Excerpted records:
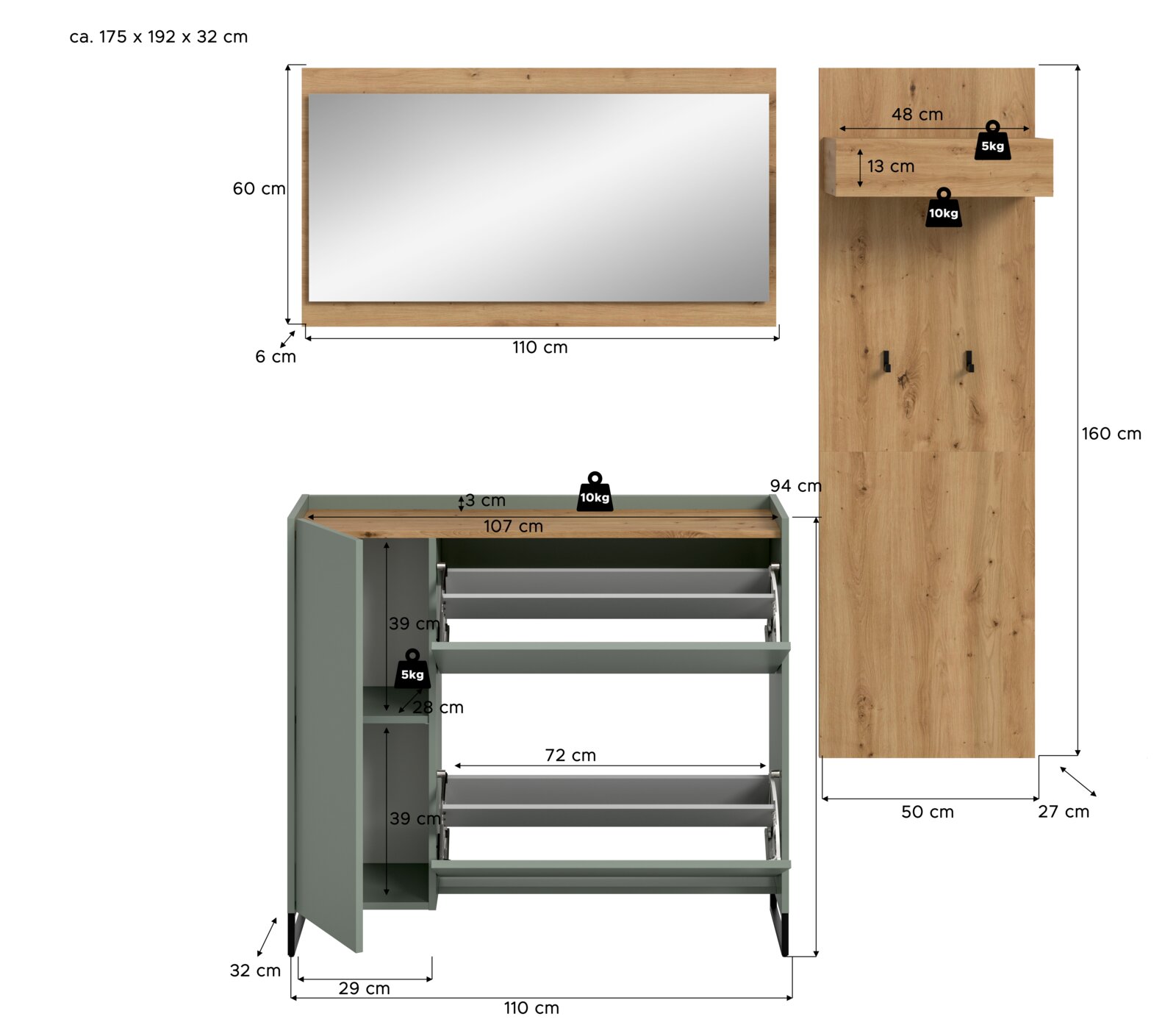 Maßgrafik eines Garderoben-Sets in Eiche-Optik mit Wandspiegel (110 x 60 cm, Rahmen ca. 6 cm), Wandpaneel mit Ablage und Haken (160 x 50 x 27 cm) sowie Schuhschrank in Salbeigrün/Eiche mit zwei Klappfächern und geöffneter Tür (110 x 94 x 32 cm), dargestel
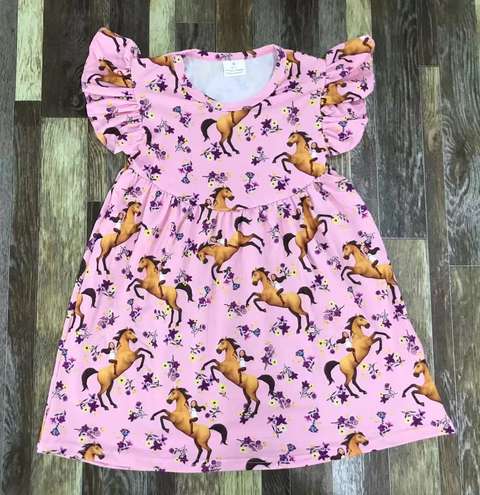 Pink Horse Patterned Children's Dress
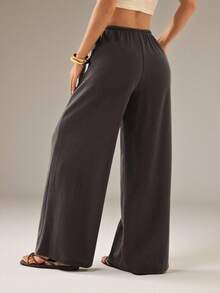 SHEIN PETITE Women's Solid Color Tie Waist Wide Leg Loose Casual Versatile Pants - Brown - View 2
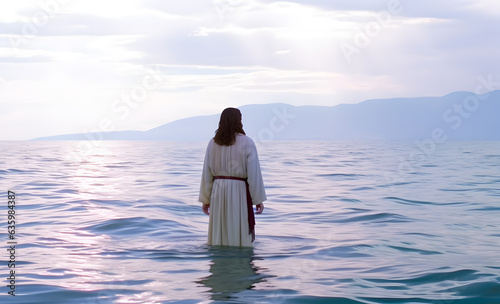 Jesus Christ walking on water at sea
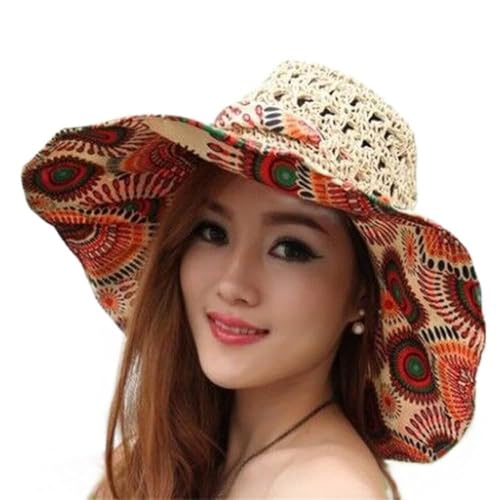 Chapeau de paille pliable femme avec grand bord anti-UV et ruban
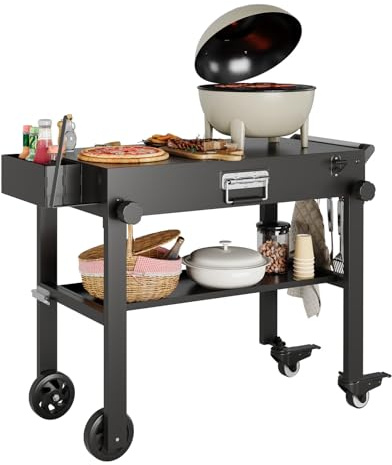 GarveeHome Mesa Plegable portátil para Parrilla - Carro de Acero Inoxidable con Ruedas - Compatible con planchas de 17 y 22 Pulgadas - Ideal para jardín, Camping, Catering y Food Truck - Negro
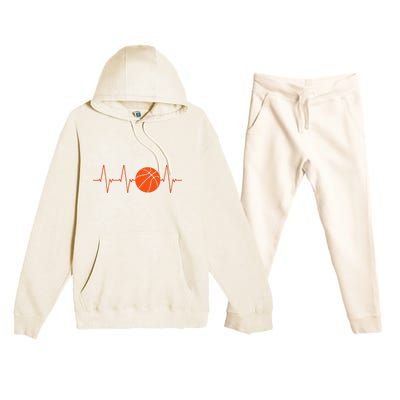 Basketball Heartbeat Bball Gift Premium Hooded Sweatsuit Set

Task description:
Please transcribe every entry exactly as written, leaving the pictures out.

Completed exercise:
 Maßgrafik eines Garderoben-Sets in Eiche-Optik mit Wandspiegel (110 x 60 cm, Rahmen ca. 6 cm), Wandpaneel mit Ablage und Haken (160 x 50 x 27 cm) sowie Schuhschrank in Salbeigrün/Eiche mit zwei Klappfächern und geöffneter Tür (110 x 94 x 32 cm), dargestel
 Pink Horse Patterned Children's Dress
 SHEIN PETITE Women's Solid Color Tie Waist Wide Leg Loose Casual Versatile Pants - Brown - View 2
 Jesus Christ walking on water at sea
 Chapeau de paille pliable femme avec grand bord anti-UV et ruban
 GarveeHome Mesa Plegable portátil para Parrilla - Carro de Acero Inoxidable con Ruedas - Compatible con planchas de 17 y 22 Pulgadas - Ideal para jardín, Camping, Catering y Food Truck - Negro
 Basketball Heartbeat Bball Gift Premium Hooded Sweatsuit Set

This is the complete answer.